People walk into my shop and comment on the smell of leather and wood. Unfortunately those are two smells I can't pick up much. I wish I could still smell them. My nose sure works over time on smells I'd rather forget.


----------



## wirgit (Mar 19, 2008)

Walnut's my favorite.


----------



## bobdurnell (Sep 24, 2007)

I'm a big fan of walnut also. I like white oak, aromatic red cedar, teak, and sugar pine just to name a few.


----------



## Radish (Apr 11, 2007)

A topic near and dear to my heart, having blogged a bit about it in my workshop postings: "home of the sense of smell is the Olfactory bulb at the center of the brain above the brainstem, in an area of the brain called the limbic system. There are areas there that are responsible for emotional response to memory, so that there seems to be a sound physiologic association between scent and memory."

I love the rosewoods, conifers and Spanish cedar, not so fond of ebony (smelly socks).


----------



## DannyBoy (Oct 26, 2007)

Great comments so far. I wanted to relate another of my own.

Earlier this year (you may remember this post) I reclaimed part of a maple tree stump and borrowed a chainsaw to cut it to dry-able lengths. After working on it in the cold air one weekend for a couple hours, I came in the house and announced to my wife that I now smell like two of my favorite things: Sawdust and motor oil. <->s how a man should smell!

~Danny Boy


----------



## Karson (May 9, 2006)

Cherry, Sasafrass, red cedar are some of my favorites


----------



## sIKE (Feb 14, 2008)

I have to agree with Karson here, I love the smell of Red Cedar and Sassafras. As a kid, living north of Houston, I helped my father clear several acres of land that had a bunch of Sassafras which we cut up for firewood (I would cry now) and loved both the smell of it being cut by the chainsaw and it being burned in the wood stove.


----------



## Toolz (Feb 26, 2008)

Spanish Cedar and Camphor are my favorites. I agree with Tom as to the smell of wood and leather. I started doing leather work years ago just because I loved the smell of leather.


----------



## dhg (Mar 27, 2008)

I vote for walnut, cherry is good also.

Rich


----------



## GaryK (Jun 25, 2007)

Paduck, Cedar, Mahogany = good
Bass, Zebrawood = Bad


----------



## MountainWood (Mar 24, 2008)

Walnut, White Oak, Ponderosa Pine, and Lodgepole = good

Elm = awful (smells like the sheep barn at the County Fair when green)


----------



## MarkN (Mar 20, 2008)

cedar defanantly cedar


----------



## Dadoo (Jun 23, 2007)

Cedar and pine make my list but fresh cherry tops it!


----------



## DannyBoy (Oct 26, 2007)

Funny thing is: Cedar is highly toxic.


----------



## jcees (Dec 31, 2007)

Cutting into cypress you can smell *ALL *the smells of the swamp all rolled into one! Pretty sour stuff but easy to work and looks great too. Here's a little info about some of the "nasty" woods. Pay heed as some are downright harmful on some level.

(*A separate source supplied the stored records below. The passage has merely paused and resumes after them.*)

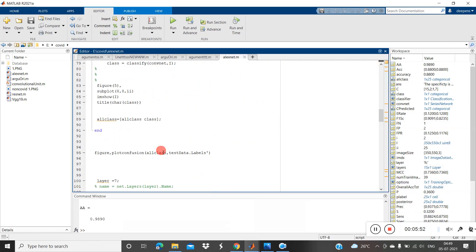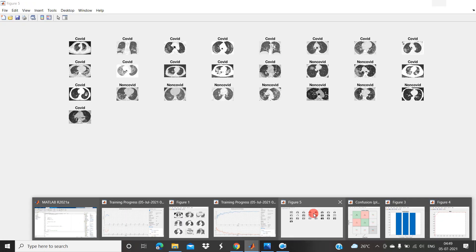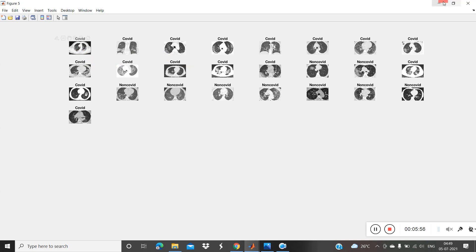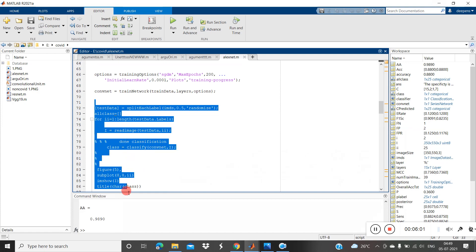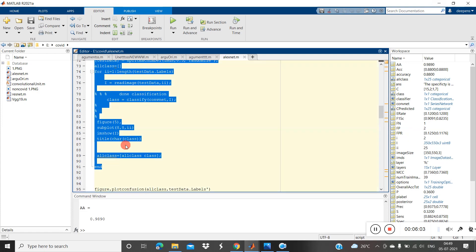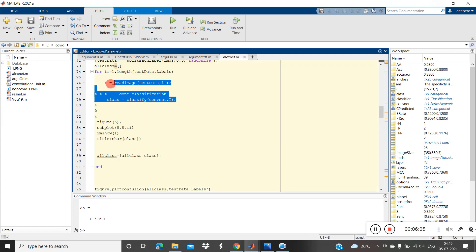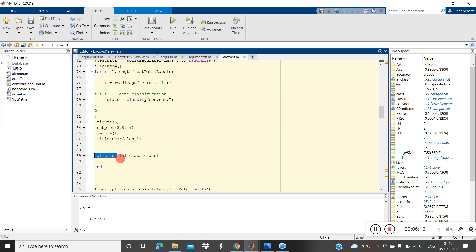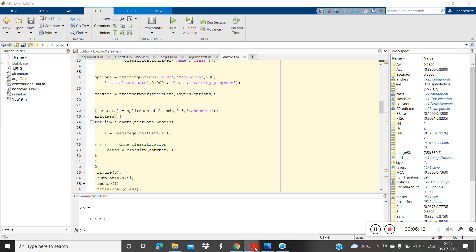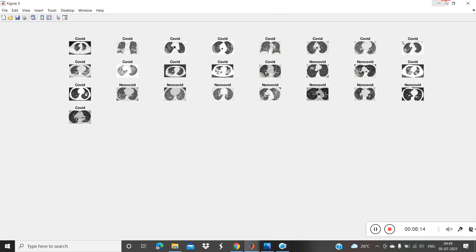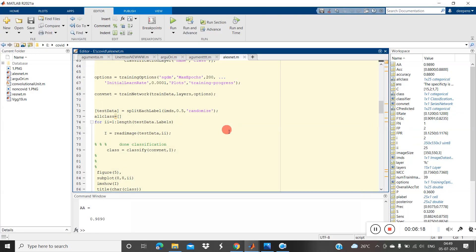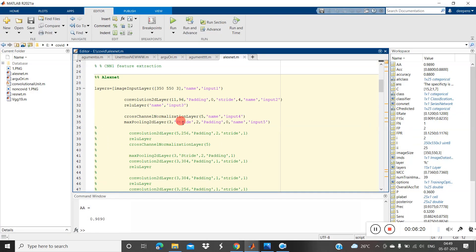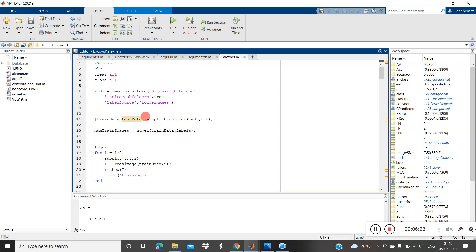This result is based on AlexNet. The reason all the images are appearing is because we split the training and testing data — I took testing images separately, read them one by one, classified each one, and saved the result for each class. That's why all images are coming from the test samples. So now we have the result based on AlexNet.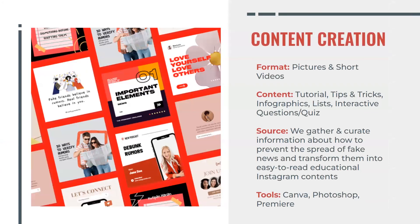Moving on, the content we planned to make consists of pictures and short videos on our Instagram page, which includes short mini-clips of tutorials or tips and tricks for identifying a rumor. It also involves infographics, lists, and interactive questions and quizzes with our Instagram viewers.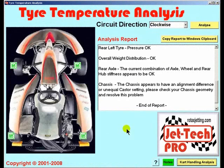And that concludes this video with regard to tyre temperature analysis. Whilst the video is short, there is no more important subject in the world of motor racing than tyre temperature analysis.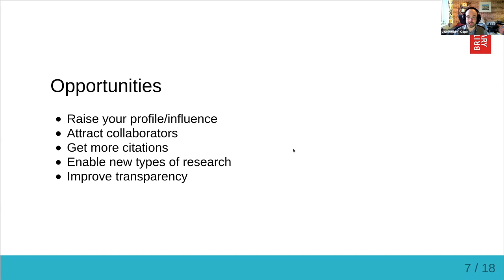It enables new types of research — it's increasingly possible to take some data from here and some data from there, bring them together with a little bit extra you've collected yourself and unlock knowledge that was always in that information but wasn't accessible because it hadn't been combined in the right way. And finally, it improves transparency. Funders, especially when government-affiliated, are very interested in value for money, and making data available demonstrates that you are doing the work they feel they're paying for. It also makes your work easier to examine and probe, and therefore ultimately more trustworthy.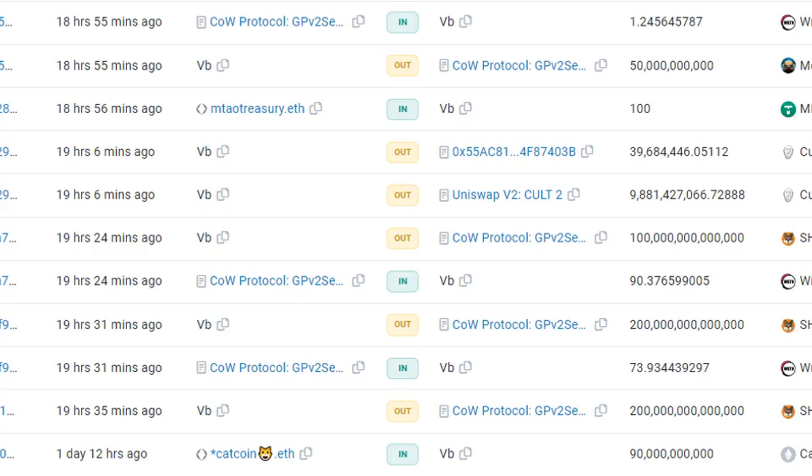According to Etherscan, on March 7 the wallet belonging to Buterin offloaded 500 trillion Shikoku (SHIK) for 380.3 ETH ($595,448), nearly 10 billion CultDAO (CULT) for 58.1 ETH ($91,021), and 50 billion MOPS for 1.25 ETH ($1,950).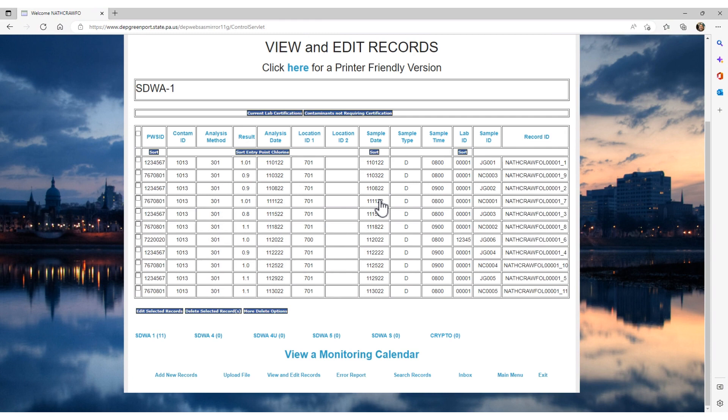If you would like to edit any of the records or even delete a record, click on which record you want by using the checkbox to the left of the PWS ID. Then either click the Edit Selected Record or Records button and you can edit the record or records as we just saw earlier in this video, or you can delete the selected records.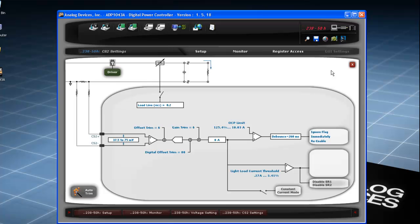A similar walkthrough procedure can be used to set the primary current in the CS1 settings window.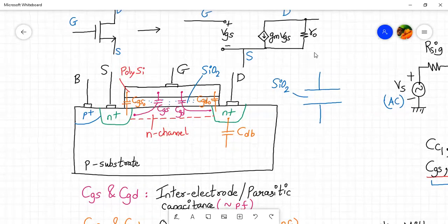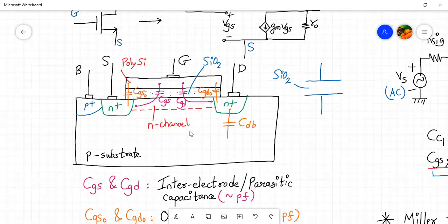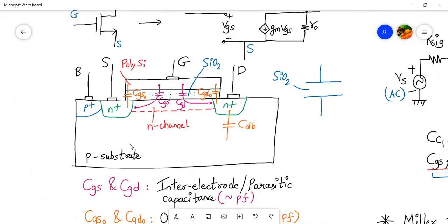Here we have drawn the cross-sectional view of an N-channel MOSFET. We have a p-type substrate, then n+ source region, n+ drain region, then the gate — the gate material can be polysilicon — then we have SiO2 which is the oxide layer. In integrated circuits, all contacts are taken from the top, including the fourth terminal which is the body or substrate terminal. With sufficient application of gate-to-source voltage and drain-to-source voltage, the N-channel will be formed.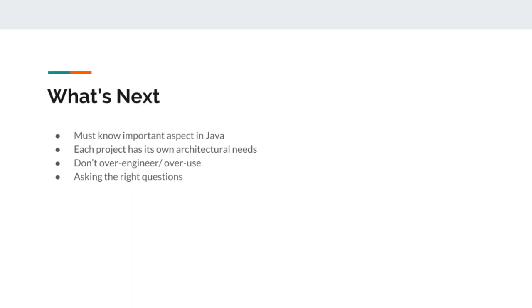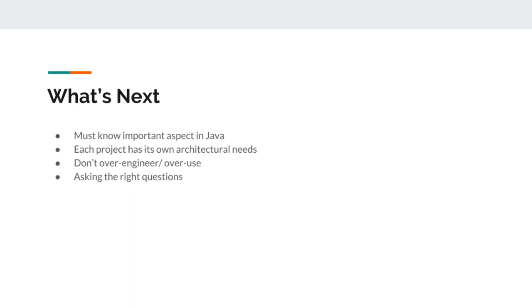One way or another, you are using annotations in any Java framework, and each project has its own architectural needs. In some projects you might use annotations provided by a framework or Java itself. In other projects you can define your own custom annotations. It's not a hard and fast rule that you have to use custom annotations every time you create a project.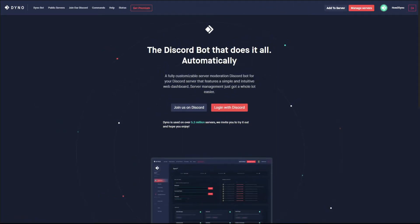All right, so welcome to How to Dyno. In this video I'm going to show you some new changes to the auto message module. Let's get started. Head over to the Dyno bot website, dyno.gg.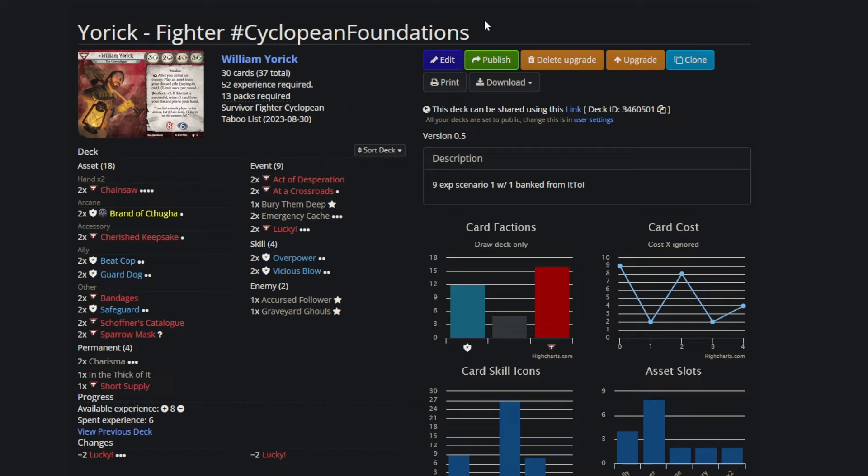Hey everyone, I'm Rather Coherent, and today I want to talk about the main fighter William Yorick that I played in the custom campaign Cyclopean Foundations, off the camera.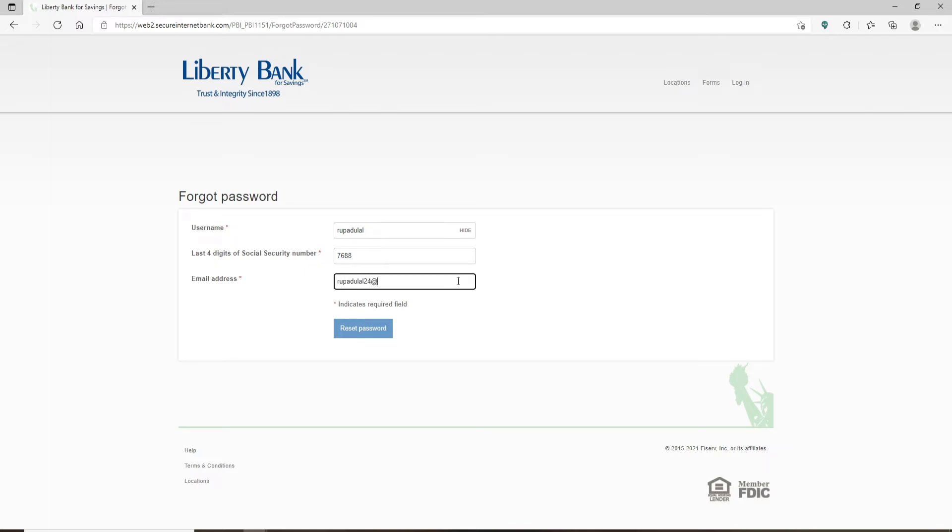Make sure to type in the email address correctly. Make sure your information matches the information you used when opening your bank account. After you're done with everything, click reset password and simply follow the instructions.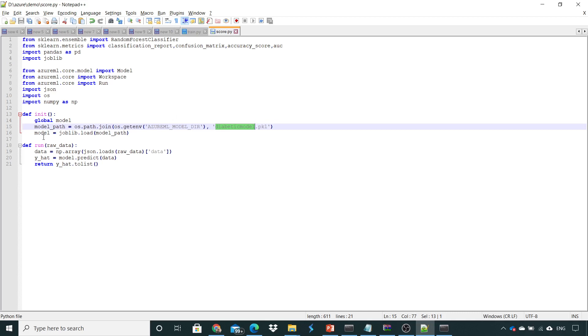Once the model has been loaded, we'll pass the data inside it. The data would be in a JSON format, and this JSON format would be converted into a list. This list would be passed to the model for prediction, and then it will return it to the service or to the REST endpoint wherever we are deployed.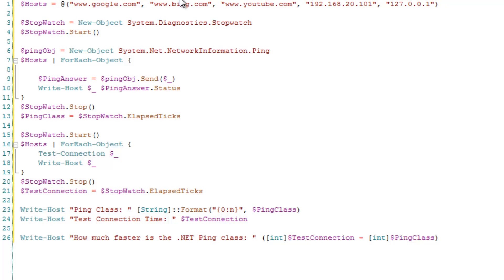So I've got the Google and the Bing and YouTube. I also did an IP address that doesn't actually exist. And then the home loop back.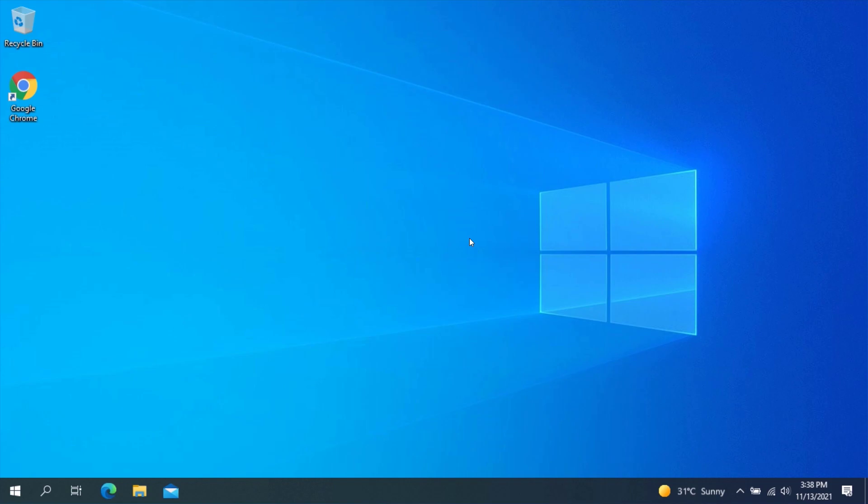First of all, you will need to download Windows Package Manager in order for you to be able to update all installed programs at once. There are two methods you can use to download the Windows Package Manager.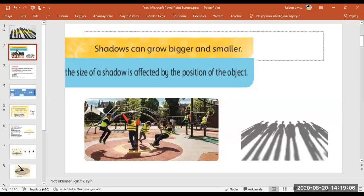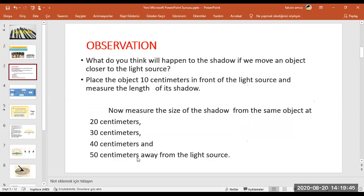Shadows can grow bigger or smaller. Shadow size can be bigger or smaller according to the time of day — we will see this on a picture. The size of a shadow can also change according to the position of an object. As you see, these children are in different positions and the shape of the shadow changes.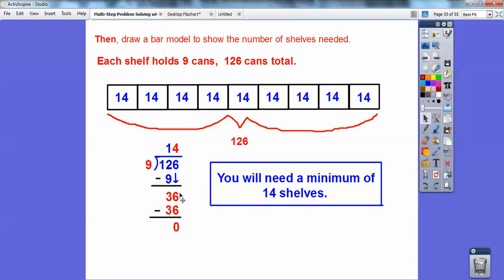Now let's say I had a remainder — let's say I got a remainder of 1, 2, or 3. That would mean I would need a 15th shelf, because you can have a shelf with only 2 or 3 cans on it. The minimum is 14 shelves. If there's a remainder, that means 14 shelves with 9 cans each fill up the 126, so any leftover cans would require an additional 15th shelf. I hope this helps, you guys. Take care, everybody.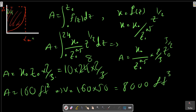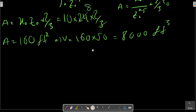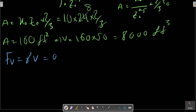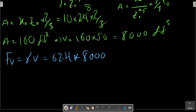Now we can calculate the force FB, which equals the weight of the water column above the curved shape. FB equals gamma times volume. With gamma equals 62.4 for water, we compute FB.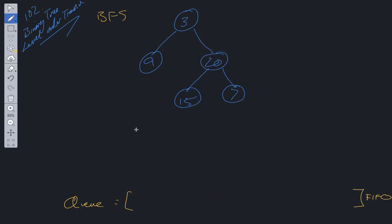So we're going to initialize this queue with the root. So we're going to pass in 3. We're going to have current. This is just going to resemble the current node that we're on, that we're checking to see if it has children. And then we are going to also need a level array, which is going to store the levels.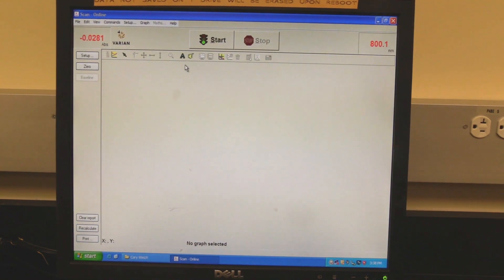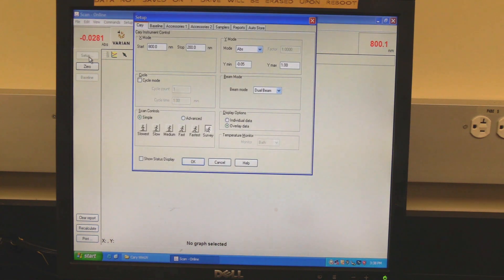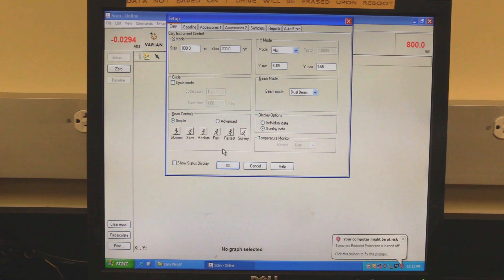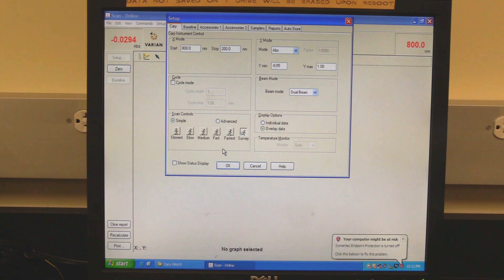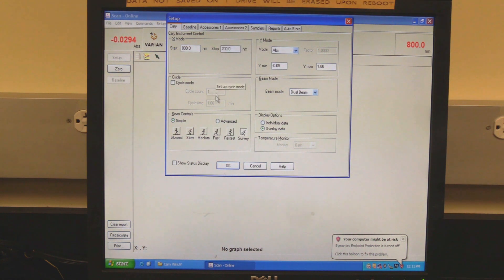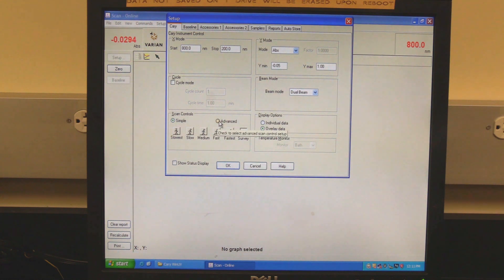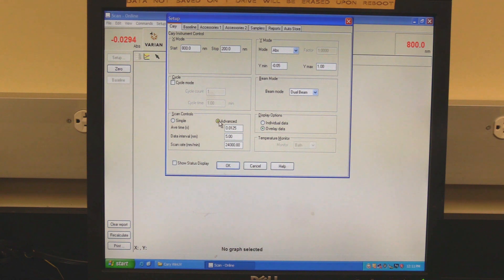Click on Setup to set measurement parameters. Setup should open to the Cary tab. In the X mode section, set the scan range — Start is the higher wavelength, Stop is the lower wavelength. Beam mode should be set to dual beam. In scan controls, set the scan speed. Simple or advanced controls can be selected. If simple is selected, choose one of the speed modes.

http://wiki.bmezine.com/index.php/Wood_Hazards

always,
J.C.


----------



## HallTree (Feb 1, 2008)

Walnut, Cedar, and Paduck


----------



## VTWoody (Apr 17, 2007)

Bubinga smells nice, too. I also like Padauk and I have a piece of Sassafras waiting to be used in a Jewelry box for my Sassy Wife and have been hoping that the reports of good smell from that one will be true. I couldn't really get any smell off of it with just my sniffer and the rest of the competing smells in my shop.

I agree with the chainsaw and sawdust smell. It definitely brings up fond memories of working with my father and brothers clearing the property when I was seven or eight. Mostly oak and manzanita at the time. In retrospect, I see all the boardfeet of lumber that we sold for firewood and cringe at the thought of being able to use it now. A very large oak tree fell down last winter on my parents place up in Jamestown, CA and I wish I had known there was a mobile miller up there now, as the wood eventually got cut into rounds for firewood. The good news is that we all expected it take out the house when it went, including the professional tree faller they called in to check it out, and when it did eventually fall down in the storm, it missed the house by a foot.


----------



## Karson (May 9, 2006)

VT Woody. Sasafrass smells like rootbeer So you will know when you start cutting it.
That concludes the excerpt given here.